Suhonjic: Wir haben einen künstlerischen Schwerpunkt mit Theater und Musik. Die Idee dahinter ist, dass Theater das Selbstbewusstsein von Kindern stärkt und ihnen ermöglicht, besser für sich einzustehen. Mit Kinderrechten haben wir uns auch viel beschäftigt. Außerdem enthält Theater Sprachförderung, die aber nebenbei läuft und in den Alltag integriert ist. Gerade in Billstedt wohnen viele Menschen mit Migrationshintergrund, sodass das ganz besonders nützlich wäre.

Wie wollen Sie jetzt gegen die Auflagen vorgehen?

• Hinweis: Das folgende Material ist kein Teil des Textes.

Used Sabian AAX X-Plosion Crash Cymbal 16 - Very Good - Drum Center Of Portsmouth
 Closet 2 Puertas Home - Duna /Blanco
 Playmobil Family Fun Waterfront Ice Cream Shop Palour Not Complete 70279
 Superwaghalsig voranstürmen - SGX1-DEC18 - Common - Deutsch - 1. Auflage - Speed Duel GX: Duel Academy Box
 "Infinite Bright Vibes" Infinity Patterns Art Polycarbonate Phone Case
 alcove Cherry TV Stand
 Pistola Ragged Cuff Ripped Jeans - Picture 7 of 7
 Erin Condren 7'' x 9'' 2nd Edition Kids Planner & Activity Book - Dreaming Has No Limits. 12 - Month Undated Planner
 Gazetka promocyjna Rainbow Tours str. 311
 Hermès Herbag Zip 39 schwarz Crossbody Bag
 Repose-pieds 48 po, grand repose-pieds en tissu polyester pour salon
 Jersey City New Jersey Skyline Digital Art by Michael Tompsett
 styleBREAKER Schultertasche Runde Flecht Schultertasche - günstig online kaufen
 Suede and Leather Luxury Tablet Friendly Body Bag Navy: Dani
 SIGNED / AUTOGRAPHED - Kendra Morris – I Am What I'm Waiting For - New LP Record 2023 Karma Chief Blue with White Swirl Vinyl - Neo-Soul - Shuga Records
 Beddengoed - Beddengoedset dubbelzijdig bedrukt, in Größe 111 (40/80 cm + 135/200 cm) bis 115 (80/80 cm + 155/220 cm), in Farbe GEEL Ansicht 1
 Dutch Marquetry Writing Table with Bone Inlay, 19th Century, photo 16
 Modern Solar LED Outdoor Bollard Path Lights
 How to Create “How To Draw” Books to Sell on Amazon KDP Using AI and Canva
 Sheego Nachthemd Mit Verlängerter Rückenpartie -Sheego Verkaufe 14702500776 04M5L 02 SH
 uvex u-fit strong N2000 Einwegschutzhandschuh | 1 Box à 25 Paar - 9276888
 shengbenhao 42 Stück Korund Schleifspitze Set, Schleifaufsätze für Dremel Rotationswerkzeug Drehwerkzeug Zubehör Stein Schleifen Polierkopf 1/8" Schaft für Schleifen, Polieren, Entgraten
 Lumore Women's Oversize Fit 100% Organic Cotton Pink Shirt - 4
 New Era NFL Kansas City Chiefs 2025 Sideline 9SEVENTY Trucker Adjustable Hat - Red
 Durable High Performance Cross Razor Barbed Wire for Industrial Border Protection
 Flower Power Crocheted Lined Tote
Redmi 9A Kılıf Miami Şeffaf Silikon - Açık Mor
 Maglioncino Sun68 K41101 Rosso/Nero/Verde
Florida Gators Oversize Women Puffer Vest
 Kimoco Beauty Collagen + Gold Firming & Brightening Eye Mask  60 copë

Suhonjic:Es ist geplant, dass Behörden und Betroffene sich zusammensetzen und eine Lösung finden, die für alle Kitas und Spielplätze gut ist. Leider wird das noch dauern. Wir wollten eigentlich zum 1. August eröffnen und haben auch schon Kinder auf der Warteliste, die wir jetzt auf den Dezember vertrösten mussten. Die Nachfrage ist aber so groß, dass eigentlich keine Zeit ist, dieses Problem so lange zu betrachten. Es ist Platz für alle da. Die meisten Kinder sind vormittags in der Kita und erst nachmittags mit Freunden auf dem Spielplatz. Von daher würden wir niemanden stören.